When I first started getting interested in clean beauty and began working to swap out chemically-laden products and single-use plastic products in favor of more sustainable options, I have to admit I had a bit of a rough time. One of the most difficult parts was giving up a few favorite products that I loved but knew probably weren’t so friendly towards the environment or my skin and hair. 

One such clean beauty product that I side-eyed with suspicion for quite some time was a shampoo bar. I have really thick hair, and something about rigorously working a bar through my hair to suds it up– a task that actually took me a while even with cream-based shampoos– sounded frustrating and futile. It wasn’t until I noticed a friend of mine’s hair effortlessly bouncing and emitting shine one afternoon (which she attributed to an affordable shampoo bar), coupled with the frequent trips to my hair salon to buy my beloved but pricey Davines shampoo that I decided it was time to give the shampoo bar a go.

Woman washing her hair

I waited until I finished my current bottle of shampoo, and, after draining it of its contents, I did some research on which bar would be best for my hair. As mentioned, my hair is thick, dry, wavy and a little on the course side so I wanted something that would be rich and conditioning, but I was skeptical I wouldn’t be able to find something in bar form that would cater to my thirsty hair. 

I landed on a bar from my favorite low-waste shop in LA, and was warned by my aforementioned light and bouncy-haired friend that a shampoo bar generally takes some getting used to. During my first wash I felt like I had no idea what I was doing and wasn’t sure if my hair was getting clean at all. I worked the bar through my hair, attempting to create some suds and while it foamed slightly, I hopped out of the shower to check a mirror and noticed it didn’t have that thick, soapy foam that develops in your hair from traditional shampoos. Instead, it just looked like wet hair, but with a little bit of product in it. I washed it out and gave myself a pat on the back for at least trying to make positive changes in my life and for our planet.


The next day, my hair looked like there was indeed more life to it, but it was a little bit tangled and impossible to run my fingers through. A couple of days later I did my second wash, but brushed out my hair first with an eco-friendly brush made of ash wood so that I could really work the bar through it in the shower. Afterwards I towel dried my hair with my oft-used Turkish cotton waffle bath towel. I also followed up with a small amount of Leave-in Conditioner by one of my favorite clean hair care brands, OUAI.  Much to my hair’s delight, getting my hair clean and detangled was WAY easier than the first time, and I felt like I had more of a strategy for working it through my locks than I did during the first go round.

When I woke up the next day, I immediately texted my friend to tell her that the bar actually worked.
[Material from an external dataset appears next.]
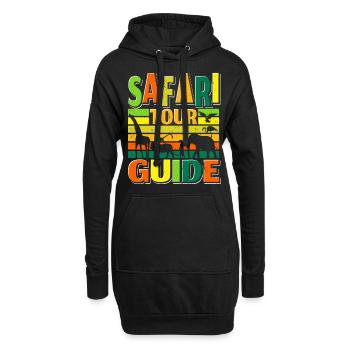 Safari Tour Guide - Hoodie-Kleid - Schwarz - Vorne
My hair felt bouncy, easy to run my fingers through, clean but not stripped, and not weighed down or limp like other traditional shampoos I’d used in the past. The downsides I experienced while using a shampoo bar is that it’s harder for people with dry and frizzy hair like myself because the hair tangles more easily after washing. The other con I discovered was that because shampoo bars have a more waxy and bar soap-like consistency, the soap can stick around in your hair and create some buildup around the scalp. This can be avoided by rinsing with apple cider vinegar from time to time!

I continued using the bar for another two weeks and my hair continued to maintain a weightless bounce and just an overall healthier feel. I felt like I had officially become a shampoo bar convert and was happy to know that I was no longer contributing to the nearly 55 million bottles of shampoo that can end up in landfills each year.


One of the major reasons why clean shampoo bars are great, aside from the fact that they aren’t bottled in plastic and last way longer than regular shampoo, is because the majority of all shampoo bars are made free of additives and are mostly comprised of all-natural ingredients like apple cider vinegar, avocado oil, and castor oil to name a few. They’re known to clarify hair that’s suffered from a lot of residue build-up caused by chemicals found in traditional shampoos and conditioners and restore it back to voluminous, resilient hair. 

If your hair tends to run on the greasier side we recommend going for a bar like this one from Chagrin Valley, which is made from cold-pressed apple juice, chamomile flowers, and citrus-based essential oils and Kaolin clay to tame oily scalps or hair that gets greasy easily. 

If you’re like me and you can stick a glob of conditioner in your hair and it’s magically absorbed within moments, opt for a cold-processed shampoo bar which is usually made of natural oils meant to deeply condition hair. We love this shampoo bar by Unwrapped Life, which is made of colloidal oatmeal, amla juniper oil, and palmarosa to give major hydration and aid in scalp dryness. 

If you have processed hair that’s been chemically treated for many years, Christophe Robin’s shampoo bar is a must-try. Made with aloe vera and castor oil and free of sulfates and parabens, this bar easily cleanses and hydrates hair that’s been color treated or damaged over time. Overall, choosing a shampoo bar is a game of trial and error. If you have trouble at first– don’t give up! After a few weeks, you might just become a shampoo bar convert yourself.